WHAT THIS TASK INVOLVES: Set down exactly the lines below between the line holding "Stahl Loft Tür, Glastrennwand" and the line holding "Hotel Ai Cavalieri", inclusive; no other line belongs in the answer.

DATA:
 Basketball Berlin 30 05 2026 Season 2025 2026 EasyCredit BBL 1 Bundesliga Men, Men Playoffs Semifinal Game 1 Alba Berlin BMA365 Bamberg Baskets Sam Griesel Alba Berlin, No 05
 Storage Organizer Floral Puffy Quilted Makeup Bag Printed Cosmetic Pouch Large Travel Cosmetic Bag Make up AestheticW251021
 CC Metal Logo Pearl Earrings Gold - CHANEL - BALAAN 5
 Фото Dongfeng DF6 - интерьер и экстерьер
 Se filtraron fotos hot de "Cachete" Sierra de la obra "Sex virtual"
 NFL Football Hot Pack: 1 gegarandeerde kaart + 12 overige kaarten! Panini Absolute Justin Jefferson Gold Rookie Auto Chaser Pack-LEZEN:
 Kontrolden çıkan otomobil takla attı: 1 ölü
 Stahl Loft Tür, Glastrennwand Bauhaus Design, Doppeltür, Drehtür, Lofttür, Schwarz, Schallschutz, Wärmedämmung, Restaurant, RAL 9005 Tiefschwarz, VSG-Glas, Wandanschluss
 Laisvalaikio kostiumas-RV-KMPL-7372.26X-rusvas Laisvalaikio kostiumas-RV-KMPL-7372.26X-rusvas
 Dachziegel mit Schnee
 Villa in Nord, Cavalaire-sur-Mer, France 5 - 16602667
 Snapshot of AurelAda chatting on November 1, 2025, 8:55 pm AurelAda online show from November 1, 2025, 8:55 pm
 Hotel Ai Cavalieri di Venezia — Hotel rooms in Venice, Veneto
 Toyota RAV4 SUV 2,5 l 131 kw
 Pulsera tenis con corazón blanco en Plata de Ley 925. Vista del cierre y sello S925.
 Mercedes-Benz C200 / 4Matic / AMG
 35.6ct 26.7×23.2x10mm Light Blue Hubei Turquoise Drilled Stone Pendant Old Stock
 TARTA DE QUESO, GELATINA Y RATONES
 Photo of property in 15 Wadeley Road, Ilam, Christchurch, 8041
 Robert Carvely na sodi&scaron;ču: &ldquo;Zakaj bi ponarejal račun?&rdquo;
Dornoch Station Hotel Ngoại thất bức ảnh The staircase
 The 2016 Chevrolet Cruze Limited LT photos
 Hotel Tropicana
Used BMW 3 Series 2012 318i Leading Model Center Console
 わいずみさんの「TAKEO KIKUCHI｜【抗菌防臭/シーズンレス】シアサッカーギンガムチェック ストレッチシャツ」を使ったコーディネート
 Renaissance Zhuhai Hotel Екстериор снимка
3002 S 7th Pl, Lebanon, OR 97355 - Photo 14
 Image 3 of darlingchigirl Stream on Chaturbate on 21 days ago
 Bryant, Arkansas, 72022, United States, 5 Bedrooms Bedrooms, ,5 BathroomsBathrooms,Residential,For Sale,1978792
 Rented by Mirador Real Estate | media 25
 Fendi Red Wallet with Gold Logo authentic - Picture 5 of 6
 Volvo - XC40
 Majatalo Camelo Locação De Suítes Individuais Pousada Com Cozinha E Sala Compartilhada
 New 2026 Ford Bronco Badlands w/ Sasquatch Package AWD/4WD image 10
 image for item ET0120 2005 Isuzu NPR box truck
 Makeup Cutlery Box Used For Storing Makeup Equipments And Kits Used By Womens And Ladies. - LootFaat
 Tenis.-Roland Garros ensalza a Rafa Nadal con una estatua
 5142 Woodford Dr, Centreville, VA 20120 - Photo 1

RESULT FOR THIS TASK:
 Stahl Loft Tür, Glastrennwand Bauhaus Design, Doppeltür, Drehtür, Lofttür, Schwarz, Schallschutz, Wärmedämmung, Restaurant, RAL 9005 Tiefschwarz, VSG-Glas, Wandanschluss
 Laisvalaikio kostiumas-RV-KMPL-7372.26X-rusvas Laisvalaikio kostiumas-RV-KMPL-7372.26X-rusvas
 Dachziegel mit Schnee
 Villa in Nord, Cavalaire-sur-Mer, France 5 - 16602667
 Snapshot of AurelAda chatting on November 1, 2025, 8:55 pm AurelAda online show from November 1, 2025, 8:55 pm
 Hotel Ai Cavalieri di Venezia — Hotel rooms in Venice, Veneto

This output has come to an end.